CUDA Error Prev


I am currently attempting to get a cuda enabled docker working on my jetson-nano (for balenaOS). i am using 2 different detection networks. one with darknet and one with opencv+cudnn

the detections themself work fine, but when i first run a detection with opencv, then secondly with darknet, i get the following error:

 CUDA Error Prev: operation not supported

anybody know what could cause this?

-L4T 32.4.2
-opencv 4.5.0


Usually, “operation not supported” is from an implementation issue.
For example, inference a CPU buffer with GPU.

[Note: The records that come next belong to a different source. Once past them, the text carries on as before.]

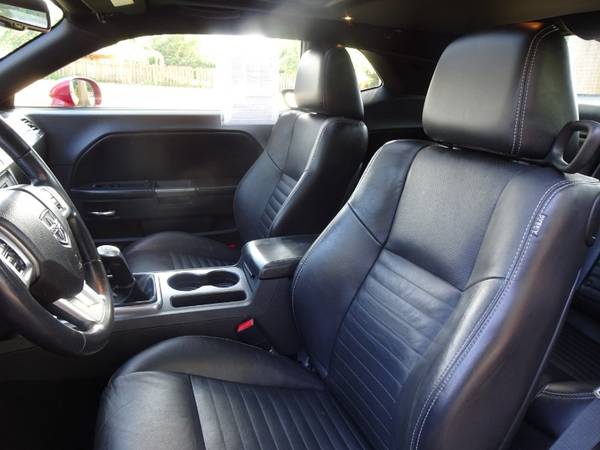 2012 Dodge Challenger R/T 6-Speed Heated Leather Sun Roof Loaded !! for sale in PUYALLUP, WA – photo 11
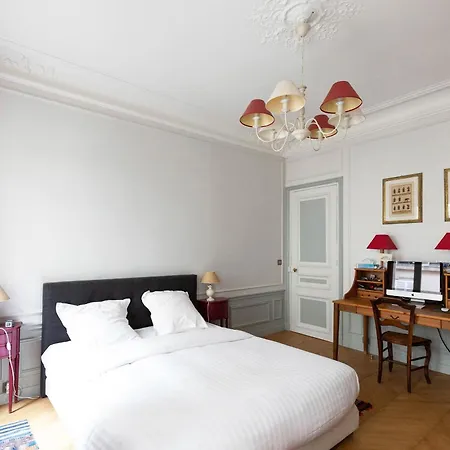 Veeve - Classical Features In The 9th Apartamento *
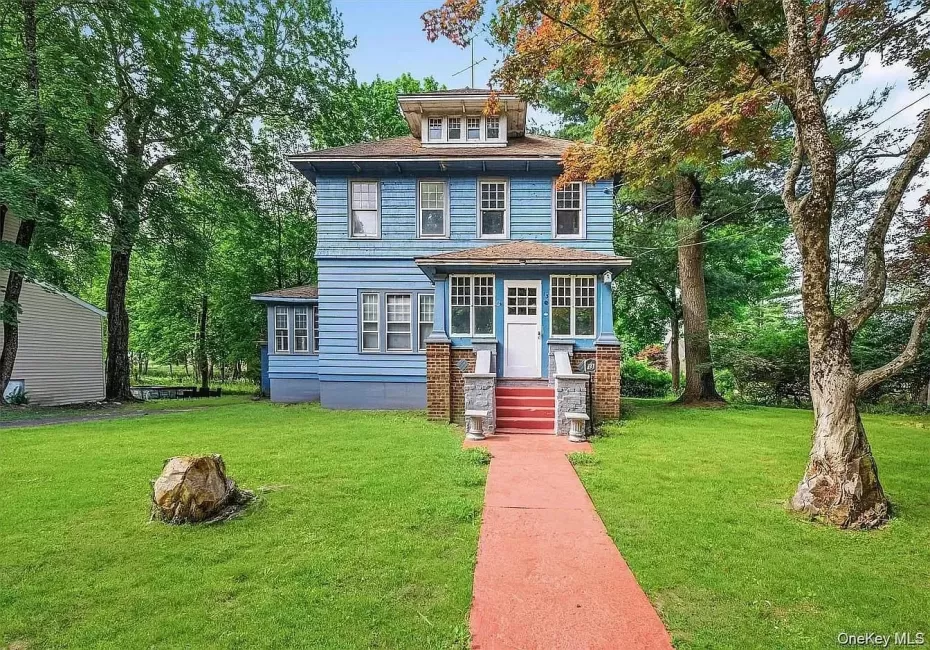 13 Cottage Street, Thompson, NY, 4 Bedrooms Bedrooms, 10 Rooms Rooms,1 BathroomBathrooms,Residential Lease,For Rent,Cottage,0,1060712 13 Cottage Street, Thompson, NY, 4 Bedrooms Bedrooms, 10 Rooms Rooms,1 BathroomBathrooms,Residential Lease,For Rent,Cottage,0,1060712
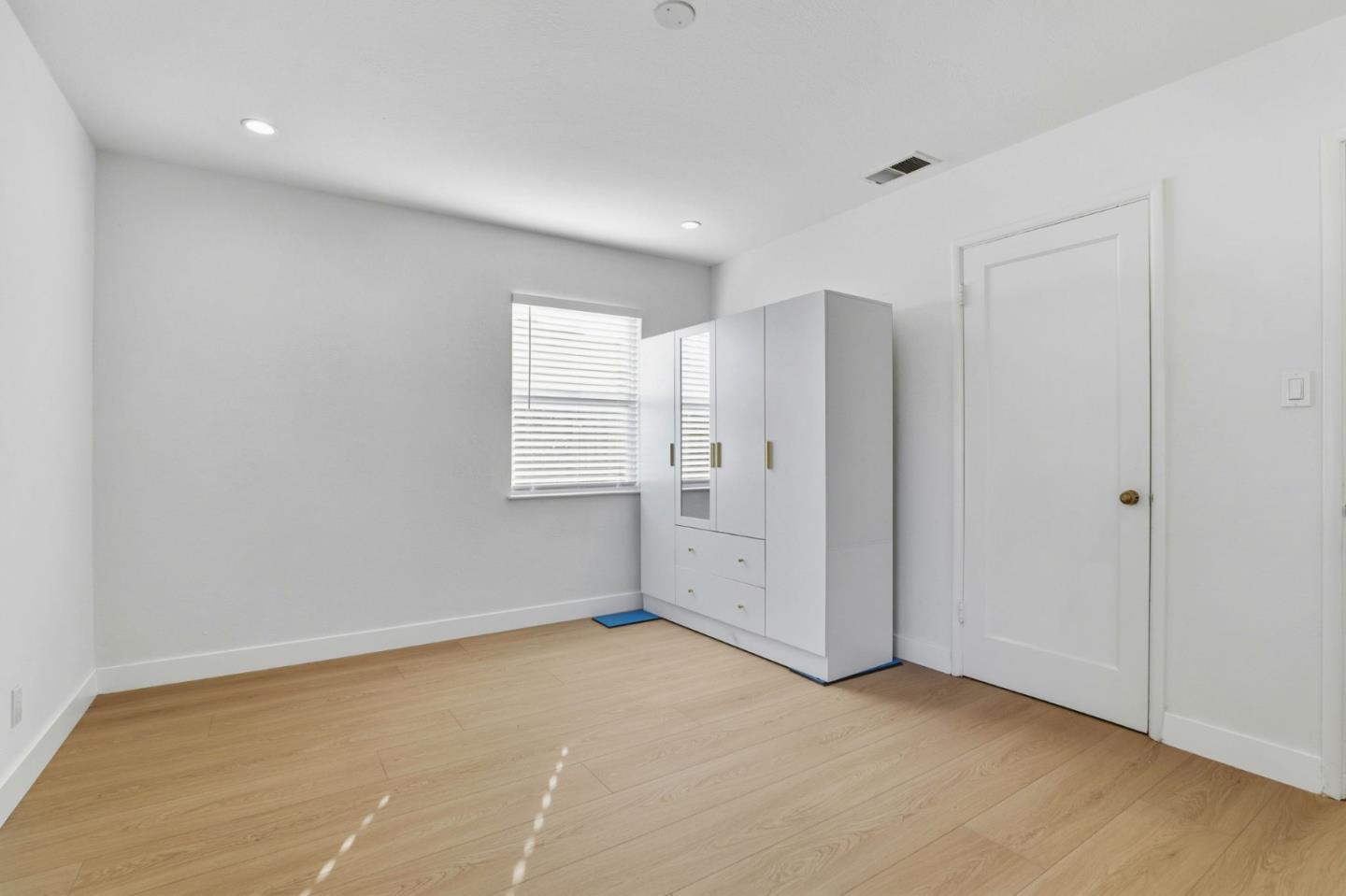 440 North Milton Avenue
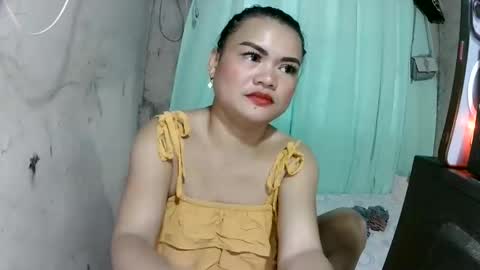 Snapshot of lusty_babe25 chatting on June 11, 2:22 am Flora Mae online show from June 11, 2:22 am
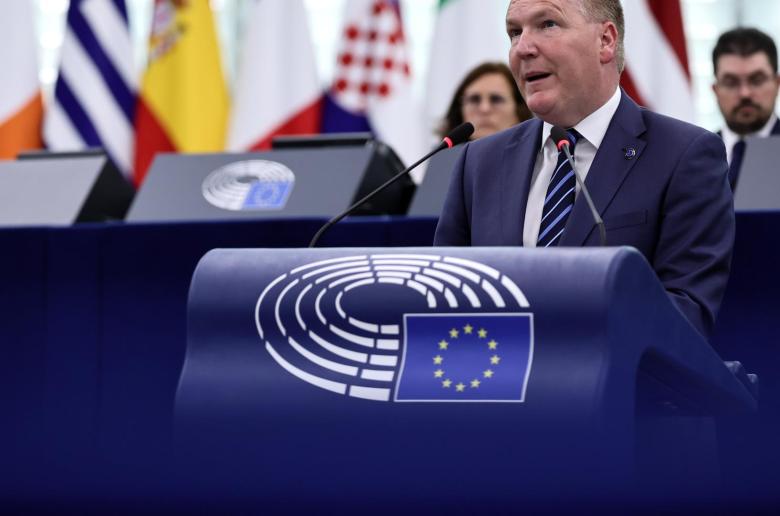 Η κράτηση πολιτών της ΕΕ στα κατεχόμενα πρέπει να λήξει, λέει ο Επίτροπος ΜακΓκράθ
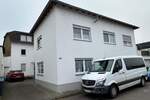 4 - Zimmerwohnung ohne Balkon im 1. Obergeschoss Gäste-WC Kellerraum PKW-Stellplatz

Could you do the following experiments first?

1. Please check if GPU can work correctly within the docker.
You can test this with deviceQuery app in the CUDA sample folder.

2. Could you check if your detection can run well on GPU outside of the docker.


thanks, something does seem to be faulty with my cuda installation when building the sample.

root@7c839ba:/usr/local/cuda/samples/1_Utilities/deviceQuery# make
/usr/local/cuda-10.2/bin/nvcc -ccbin g++   -m64      -gencode arch=compute_30,code=sm_30 -gencode arch=compute_32,code=sm_32 -gencode arch=compute_53,code=sm_53 -gencode arch=compute_61,code=sm_61 -gencode arch=compute_62,code=sm_62 -gencode arch=compute_70,code=sm_70 -gencode arch=compute_72,code=sm_72 -gencode arch=compute_75,code=sm_75 -gencode arch=compute_75,code=compute_75 -o deviceQuery deviceQuery.o 
/usr/bin/ld: cannot find -lcudadevrt
/usr/bin/ld: cannot find -lcudart_static
collect2: error: ld returned 1 exit status
Makefile:303: recipe for target 'deviceQuery' failed
make: *** [deviceQuery] Error 1

note: this might be the only relevant to the devicequery

my fault, i deleted some files to reduce disk space.
./devicequery returns:

root@7c839ba:/usr/local/cuda/samples/1_Utilities/deviceQuery# ./deviceQuery 
./deviceQuery Starting...

 CUDA Device Query (Runtime API) version (CUDART static linking)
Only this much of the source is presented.